_Extracted records_
========================================================================
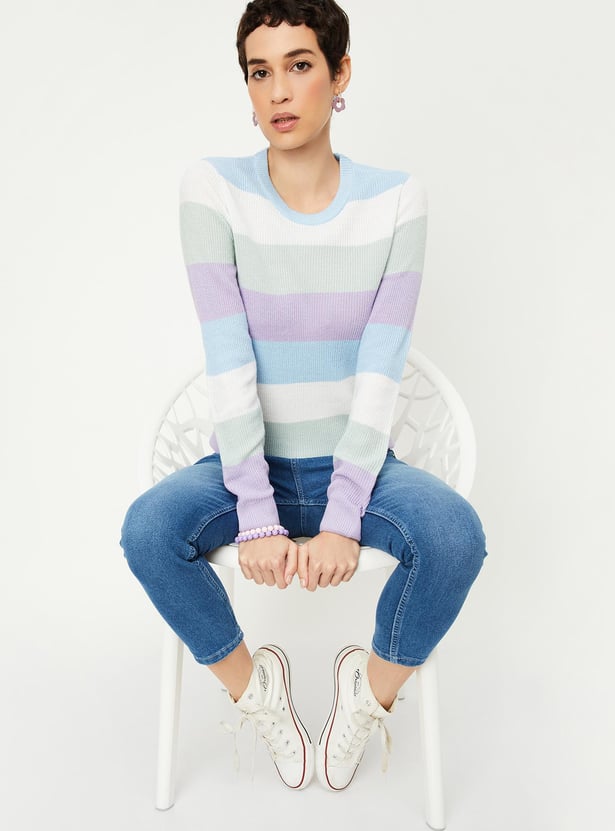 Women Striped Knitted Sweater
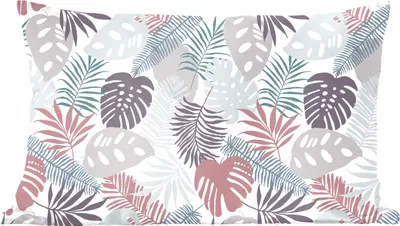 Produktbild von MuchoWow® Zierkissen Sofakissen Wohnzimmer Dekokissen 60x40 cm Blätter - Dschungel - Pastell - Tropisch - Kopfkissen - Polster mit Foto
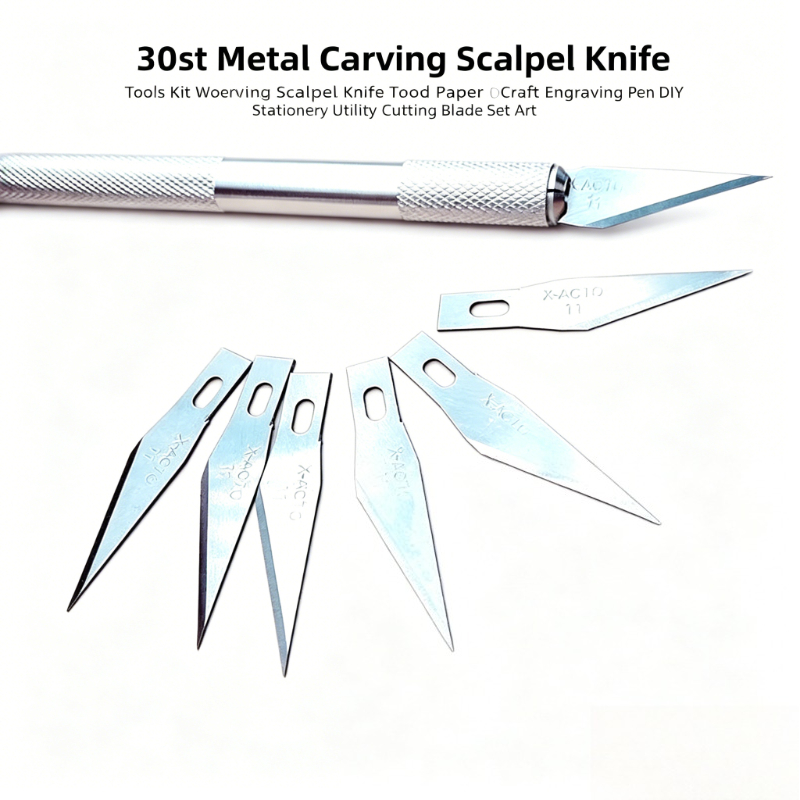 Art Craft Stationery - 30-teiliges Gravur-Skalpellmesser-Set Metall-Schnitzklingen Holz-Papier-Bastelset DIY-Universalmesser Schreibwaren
========================================================================
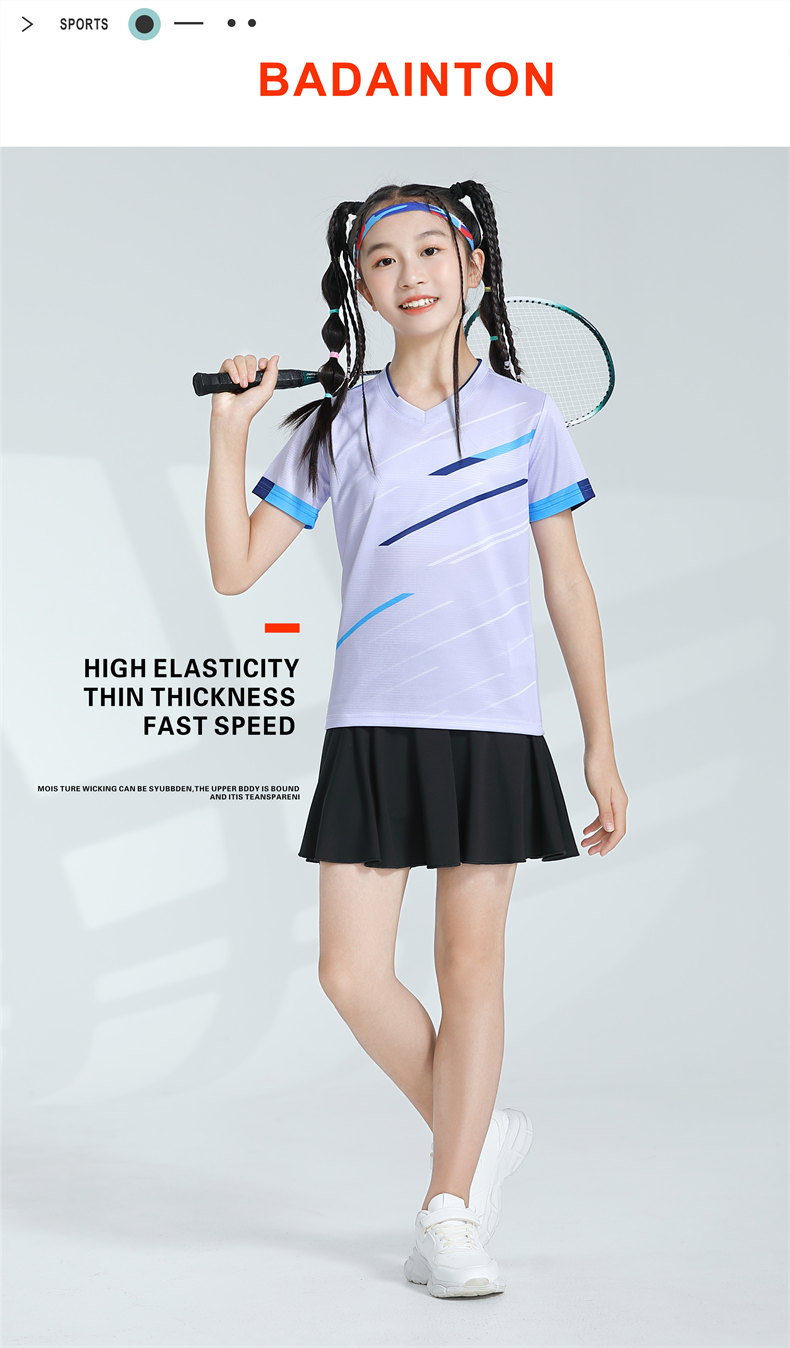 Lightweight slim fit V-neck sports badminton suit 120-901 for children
========================================================================
Among the entries above, locate the line with "Produktbild von MuchoWow®" and the line with "Art Craft Stationery". Give those two lines and all lines between them again, exactly, leaving out the pictures.

 Produktbild von MuchoWow® Zierkissen Sofakissen Wohnzimmer Dekokissen 60x40 cm Blätter - Dschungel - Pastell - Tropisch - Kopfkissen - Polster mit Foto
 Art Craft Stationery - 30-teiliges Gravur-Skalpellmesser-Set Metall-Schnitzklingen Holz-Papier-Bastelset DIY-Universalmesser Schreibwaren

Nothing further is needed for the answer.